# Instructions to follow:
Return every entry exactly as written.

Short descriptive text snippets
----

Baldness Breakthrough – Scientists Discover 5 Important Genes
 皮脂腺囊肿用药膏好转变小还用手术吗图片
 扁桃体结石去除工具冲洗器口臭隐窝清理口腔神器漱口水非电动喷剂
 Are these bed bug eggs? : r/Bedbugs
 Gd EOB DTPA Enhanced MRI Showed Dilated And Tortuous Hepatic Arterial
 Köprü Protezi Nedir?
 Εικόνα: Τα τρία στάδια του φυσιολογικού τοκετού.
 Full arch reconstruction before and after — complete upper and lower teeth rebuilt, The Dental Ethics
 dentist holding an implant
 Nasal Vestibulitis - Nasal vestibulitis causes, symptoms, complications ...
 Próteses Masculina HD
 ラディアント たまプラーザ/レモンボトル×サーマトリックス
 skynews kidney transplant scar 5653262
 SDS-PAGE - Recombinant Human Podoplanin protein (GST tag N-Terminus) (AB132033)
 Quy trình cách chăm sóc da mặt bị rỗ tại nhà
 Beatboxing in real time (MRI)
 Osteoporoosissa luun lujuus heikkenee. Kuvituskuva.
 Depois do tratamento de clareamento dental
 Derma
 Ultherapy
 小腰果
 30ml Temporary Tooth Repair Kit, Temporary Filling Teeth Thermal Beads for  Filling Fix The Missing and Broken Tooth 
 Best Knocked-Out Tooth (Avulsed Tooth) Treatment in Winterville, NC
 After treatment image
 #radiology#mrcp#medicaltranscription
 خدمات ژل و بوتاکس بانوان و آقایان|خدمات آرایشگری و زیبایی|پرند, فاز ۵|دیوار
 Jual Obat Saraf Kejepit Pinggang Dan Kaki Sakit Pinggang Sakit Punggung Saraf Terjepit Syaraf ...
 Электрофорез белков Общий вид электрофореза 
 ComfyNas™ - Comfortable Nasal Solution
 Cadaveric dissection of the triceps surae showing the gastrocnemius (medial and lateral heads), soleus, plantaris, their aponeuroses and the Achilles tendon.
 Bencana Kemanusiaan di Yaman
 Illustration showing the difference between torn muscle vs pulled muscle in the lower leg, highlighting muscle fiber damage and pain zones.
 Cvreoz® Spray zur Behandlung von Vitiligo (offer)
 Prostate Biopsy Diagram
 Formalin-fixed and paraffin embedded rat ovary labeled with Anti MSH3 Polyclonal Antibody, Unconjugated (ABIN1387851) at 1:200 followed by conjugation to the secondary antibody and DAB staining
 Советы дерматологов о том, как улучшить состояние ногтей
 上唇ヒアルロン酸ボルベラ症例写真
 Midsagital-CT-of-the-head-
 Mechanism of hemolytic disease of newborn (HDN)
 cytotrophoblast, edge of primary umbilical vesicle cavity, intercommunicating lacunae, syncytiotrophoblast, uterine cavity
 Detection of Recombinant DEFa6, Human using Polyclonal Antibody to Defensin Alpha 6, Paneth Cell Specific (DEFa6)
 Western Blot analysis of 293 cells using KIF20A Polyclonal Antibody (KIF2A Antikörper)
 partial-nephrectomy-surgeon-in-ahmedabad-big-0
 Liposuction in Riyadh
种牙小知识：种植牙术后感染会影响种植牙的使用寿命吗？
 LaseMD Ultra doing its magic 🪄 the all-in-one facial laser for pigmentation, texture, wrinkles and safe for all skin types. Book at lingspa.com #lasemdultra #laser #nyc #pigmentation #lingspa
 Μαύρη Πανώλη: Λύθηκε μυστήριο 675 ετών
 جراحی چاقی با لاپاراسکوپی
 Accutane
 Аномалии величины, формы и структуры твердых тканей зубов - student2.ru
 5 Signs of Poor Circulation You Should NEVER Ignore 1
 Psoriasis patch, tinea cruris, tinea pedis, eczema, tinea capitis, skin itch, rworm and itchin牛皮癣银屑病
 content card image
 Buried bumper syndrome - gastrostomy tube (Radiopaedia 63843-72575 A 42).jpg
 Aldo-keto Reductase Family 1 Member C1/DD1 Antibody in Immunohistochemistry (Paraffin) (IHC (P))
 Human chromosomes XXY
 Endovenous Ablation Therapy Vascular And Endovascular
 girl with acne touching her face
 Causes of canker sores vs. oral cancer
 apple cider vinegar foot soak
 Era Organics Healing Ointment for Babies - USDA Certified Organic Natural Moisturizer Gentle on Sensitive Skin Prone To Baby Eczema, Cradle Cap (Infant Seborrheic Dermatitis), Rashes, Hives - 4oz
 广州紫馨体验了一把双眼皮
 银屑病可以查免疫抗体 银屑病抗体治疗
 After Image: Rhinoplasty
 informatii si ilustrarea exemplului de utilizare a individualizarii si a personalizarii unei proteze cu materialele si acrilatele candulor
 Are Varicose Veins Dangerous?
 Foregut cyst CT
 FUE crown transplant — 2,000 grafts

----

# Task response:
Baldness Breakthrough – Scientists Discover 5 Important Genes
 皮脂腺囊肿用药膏好转变小还用手术吗图片
 扁桃体结石去除工具冲洗器口臭隐窝清理口腔神器漱口水非电动喷剂
 Are these bed bug eggs? : r/Bedbugs
 Gd EOB DTPA Enhanced MRI Showed Dilated And Tortuous Hepatic Arterial
 Köprü Protezi Nedir?
 Εικόνα: Τα τρία στάδια του φυσιολογικού τοκετού.
 Full arch reconstruction before and after — complete upper and lower teeth rebuilt, The Dental Ethics
 dentist holding an implant
 Nasal Vestibulitis - Nasal vestibulitis causes, symptoms, complications ...
 Próteses Masculina HD
 ラディアント たまプラーザ/レモンボトル×サーマトリックス
 skynews kidney transplant scar 5653262
 SDS-PAGE - Recombinant Human Podoplanin protein (GST tag N-Terminus) (AB132033)
 Quy trình cách chăm sóc da mặt bị rỗ tại nhà
 Beatboxing in real time (MRI)
 Osteoporoosissa luun lujuus heikkenee. Kuvituskuva.
 Depois do tratamento de clareamento dental
 Derma
 Ultherapy
 小腰果
 30ml Temporary Tooth Repair Kit, Temporary Filling Teeth Thermal Beads for  Filling Fix The Missing and Broken Tooth 
 Best Knocked-Out Tooth (Avulsed Tooth) Treatment in Winterville, NC
 After treatment image
 #radiology#mrcp#medicaltranscription
 خدمات ژل و بوتاکس بانوان و آقایان|خدمات آرایشگری و زیبایی|پرند, فاز ۵|دیوار
 Jual Obat Saraf Kejepit Pinggang Dan Kaki Sakit Pinggang Sakit Punggung Saraf Terjepit Syaraf ...
 Электрофорез белков Общий вид электрофореза 
 ComfyNas™ - Comfortable Nasal Solution
 Cadaveric dissection of the triceps surae showing the gastrocnemius (medial and lateral heads), soleus, plantaris, their aponeuroses and the Achilles tendon.
 Bencana Kemanusiaan di Yaman
 Illustration showing the difference between torn muscle vs pulled muscle in the lower leg, highlighting muscle fiber damage and pain zones.
 Cvreoz® Spray zur Behandlung von Vitiligo (offer)
 Prostate Biopsy Diagram
 Formalin-fixed and paraffin embedded rat ovary labeled with Anti MSH3 Polyclonal Antibody, Unconjugated (ABIN1387851) at 1:200 followed by conjugation to the secondary antibody and DAB staining
 Советы дерматологов о том, как улучшить состояние ногтей
 上唇ヒアルロン酸ボルベラ症例写真
 Midsagital-CT-of-the-head-
 Mechanism of hemolytic disease of newborn (HDN)
 cytotrophoblast, edge of primary umbilical vesicle cavity, intercommunicating lacunae, syncytiotrophoblast, uterine cavity
 Detection of Recombinant DEFa6, Human using Polyclonal Antibody to Defensin Alpha 6, Paneth Cell Specific (DEFa6)
 Western Blot analysis of 293 cells using KIF20A Polyclonal Antibody (KIF2A Antikörper)
 partial-nephrectomy-surgeon-in-ahmedabad-big-0
 Liposuction in Riyadh
种牙小知识：种植牙术后感染会影响种植牙的使用寿命吗？
 LaseMD Ultra doing its magic 🪄 the all-in-one facial laser for pigmentation, texture, wrinkles and safe for all skin types. Book at lingspa.com #lasemdultra #laser #nyc #pigmentation #lingspa
 Μαύρη Πανώλη: Λύθηκε μυστήριο 675 ετών
 جراحی چاقی با لاپاراسکوپی
 Accutane
 Аномалии величины, формы и структуры твердых тканей зубов - student2.ru
 5 Signs of Poor Circulation You Should NEVER Ignore 1
 Psoriasis patch, tinea cruris, tinea pedis, eczema, tinea capitis, skin itch, rworm and itchin牛皮癣银屑病
 content card image
 Buried bumper syndrome - gastrostomy tube (Radiopaedia 63843-72575 A 42).jpg
 Aldo-keto Reductase Family 1 Member C1/DD1 Antibody in Immunohistochemistry (Paraffin) (IHC (P))
 Human chromosomes XXY
 Endovenous Ablation Therapy Vascular And Endovascular
 girl with acne touching her face
 Causes of canker sores vs. oral cancer
 apple cider vinegar foot soak
 Era Organics Healing Ointment for Babies - USDA Certified Organic Natural Moisturizer Gentle on Sensitive Skin Prone To Baby Eczema, Cradle Cap (Infant Seborrheic Dermatitis), Rashes, Hives - 4oz
 广州紫馨体验了一把双眼皮
 银屑病可以查免疫抗体 银屑病抗体治疗
 After Image: Rhinoplasty
 informatii si ilustrarea exemplului de utilizare a individualizarii si a personalizarii unei proteze cu materialele si acrilatele candulor
 Are Varicose Veins Dangerous?
 Foregut cyst CT
 FUE crown transplant — 2,000 grafts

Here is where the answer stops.